I don't claim to have done anything remotely as momentous as they did. Of course. But I said yes to a challenge - I volunteered to do something totally uncharacteristic of me, something I always thought I wasn't cut out for - and I saw magic unfold. It changed my world, it changed the way I look at travel, and it changed my worldview forever. Most important, it changed the way I look at myself.

I have been travelling for some years now, and have experienced many a new culture, met many a stranger, and dealt with many a challenge on the move. But I recently came to the uncomfortable realisation that I've stayed within my comfort zone most of this time. I was strutting through new places, wonderful new experiences, and the company of fascinating strangers, wearing the thick coat of a hundred limitations and boundaries wrapped tightly around me.

I found that I had been travelling without really challenging myself. And I decided to change that. I decided to challenge all the notions I had about my physical limitations, and joined a group of friends and strangers on an out-and-out adventure trip to Uttarakhand. There, I stayed in a tent in below-zero-degree weather for two nights, embarking on the very first morning on an arduous trek of 5 kilometres through snow, ice and slippery slopes, up to Tungnath Temple.

I had so many misgivings! I was afraid I would slip and fall down the snow slopes. I was afraid I would twist my ankle or have a hard fall on ice. I was afraid I would suffer from breathlessness (there's precedent) and would have to stop halfway and return to camp. There was just so much I thought could go wrong. But I steeled myself, and I said 'yes' to the spirit of adventure. And then magic happened.

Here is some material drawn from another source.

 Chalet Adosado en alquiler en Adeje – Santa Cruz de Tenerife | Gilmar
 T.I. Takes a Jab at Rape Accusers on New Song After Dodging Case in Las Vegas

I made it to the top - in one piece, with no injuries and no regrets - and then came that moment, as I approached the temple at the end of the trail, when I began to understand how Hillary and Norgay must have felt.

I left liberated - from my own thought-up boundaries and from all those years of body-shaming and the constant reminders of my physical shortcomings. I felt free of my physical and psychological limitations. All of a sudden I knew I could do this. If I could climb a mountain, I could very well swim the ocean or jump off of a cliff. I felt an energy course through my body. I felt limitless.

Riding on that adrenaline rush, I went on to try my hand at river rafting on the same trip (and can proudly claim I rafted through 'The Wall', known as the most challenging rapid on the Rishikesh rafting circuit). I also went alpine skiing and trekked uphill through the forest in Auli a couple of days after Tungnath. On the climb downhill, I got talking to my ski instructor, Pavan, and discovered a new perspective on the Himalayan ecology and the different ways in which global warming is affecting it, as also the local economy and people's lives. We talked about our differing experiences of the Himalayas and of Delhi, where he had worked for 5 years, and through him, I also learned the local sentiment regarding tourists. Guess what I found? They don't hate us! As long as we are responsible, respectful, and open to the beauty and serenity of the mountains and nature, they love us and are indeed thankful for our presence. 😄

Rafting in Rishikesh Uttarakhand
I said yes to rafting, and to jumping into the water (I don't know how to swim!)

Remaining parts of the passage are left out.